The results suggest that ASA was a marker for GWS. In a broader study, antibodies to squalene were tested in blood samples from GW1Vs from different medical centres. This group tested 69% positive for ASA. The samples were not segregated according to their clinical status and included healthy controls.
Squalene is a naturally occurring molecule absorbed from food, and synthesized as a precursor for cholesterol, myelin, and steroid hormones. Although not approved by the FDA for human use, squalene has been incorporated as an adjuvant in experimental vaccines since 1987. It is not unlikely that at least some of the vaccines given to GW1Vs had contained squalene. Squalene has been found to induce severe local and systemic reactions in humans when used with influenza vaccine and gp120 vaccines against HIV-1. When used as an adjuvant for simian immunodeficiency vaccine in macaques, the animals developed anti-human-cell antibodies and autoimmune-like symptoms. Squalene has indeed been used extensively as an adjuvant in animal models to induce autoimmune diseases.

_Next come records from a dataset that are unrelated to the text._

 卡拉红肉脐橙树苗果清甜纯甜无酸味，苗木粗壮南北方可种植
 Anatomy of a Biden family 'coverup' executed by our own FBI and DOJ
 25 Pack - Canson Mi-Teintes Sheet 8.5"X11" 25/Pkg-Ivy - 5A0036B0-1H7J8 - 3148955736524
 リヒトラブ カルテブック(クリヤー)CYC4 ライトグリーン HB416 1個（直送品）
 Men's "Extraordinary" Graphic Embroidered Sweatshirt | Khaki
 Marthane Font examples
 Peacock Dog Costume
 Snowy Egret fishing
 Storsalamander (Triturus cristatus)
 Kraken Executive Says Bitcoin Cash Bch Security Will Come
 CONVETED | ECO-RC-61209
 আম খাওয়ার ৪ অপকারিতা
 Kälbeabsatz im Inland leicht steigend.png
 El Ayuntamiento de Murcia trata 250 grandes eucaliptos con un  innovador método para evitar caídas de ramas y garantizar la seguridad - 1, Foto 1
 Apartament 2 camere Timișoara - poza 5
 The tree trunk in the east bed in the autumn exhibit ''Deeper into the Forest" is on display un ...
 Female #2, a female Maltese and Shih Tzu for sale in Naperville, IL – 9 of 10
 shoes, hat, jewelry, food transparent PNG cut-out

That was not the end of the story. The US Department of Defence (DoD) initiated the anthrax vaccine immunization program (AVIP) in 1997 to immunize 2.4 million military personnel. Adverse reactions in vaccinated personnel were similar to symptoms of GWS. In a pilot study by the same research team, 6 of 6 vaccine recipients with GWS-like illness were positive for ASA . In a larger blinded study, only 32% (8/25) of AVIP personnel compared to 15.7% (3/19) controls were positive. Further analysis revealed that ASA were associated with specific lots of vaccine that contained squalene. The incidence of ASA in personnel in the blinded study receiving these lots was 47% (8/17) compared to an incidence of 0% receiving other lots of vaccines.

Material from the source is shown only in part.